Furthermore, the number of layer pairs in the DBRs varied extensively, from one to fifty pairs in pure DBR models and between twenty to forty-five pairs in the upper and lower DBRs of VCSEL models. In VCSELs, the number of pairs in the upper layers was always less than in the lower layers to optimize the structural symmetry and performance. The thickness of the quantum wells was also varied between 5 and 15 nm to study different energy configurations, primarily focusing on models where the threshold material gain was not excessively high to better understand effective laser models. For the data types involving only DBRs, no active layers were added, thus no threshold material gain calculations were needed for these types.
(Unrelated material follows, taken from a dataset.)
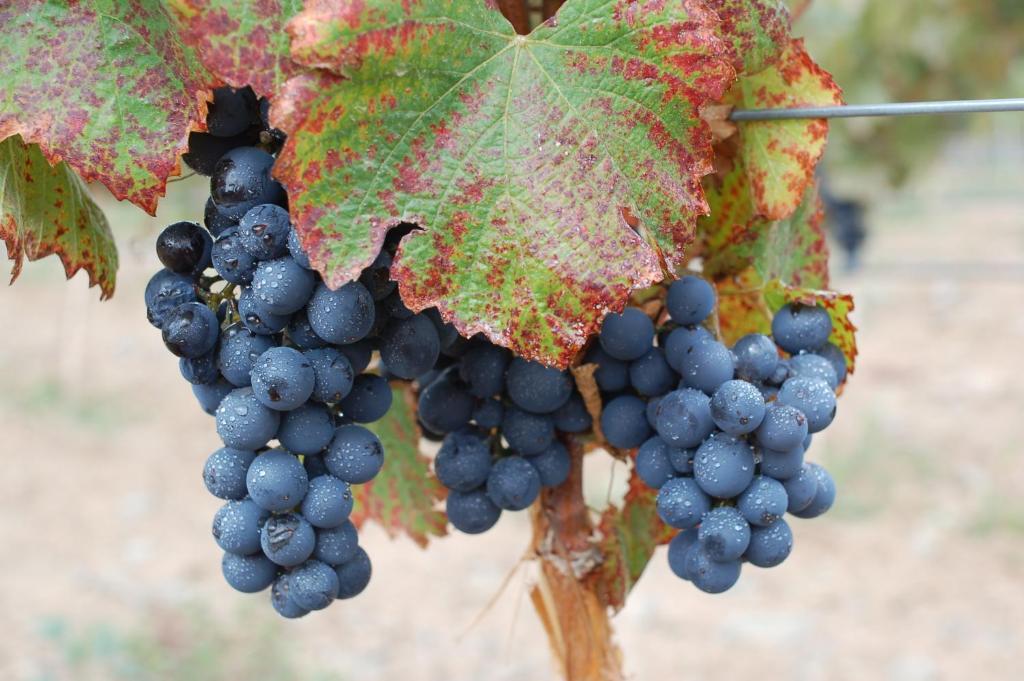Miraluna Bodega Boutique Cachí Eksteriør bilde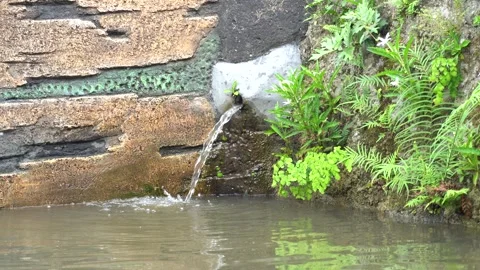 Shower in the fish pond Stock Footage 282244843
For all materials used in the structures, literature data for the real (n) and imaginary (k) parts of the refractive index were utilized, thus accounting for absorption within the structures. As the simulations were conducted in a surrounding medium, radiative losses were implicitly included. The simulation models had sufficiently large radii to neglect edge-related losses, which are commonly minimized in practice through the use of oxide apertures in VCSEL designs.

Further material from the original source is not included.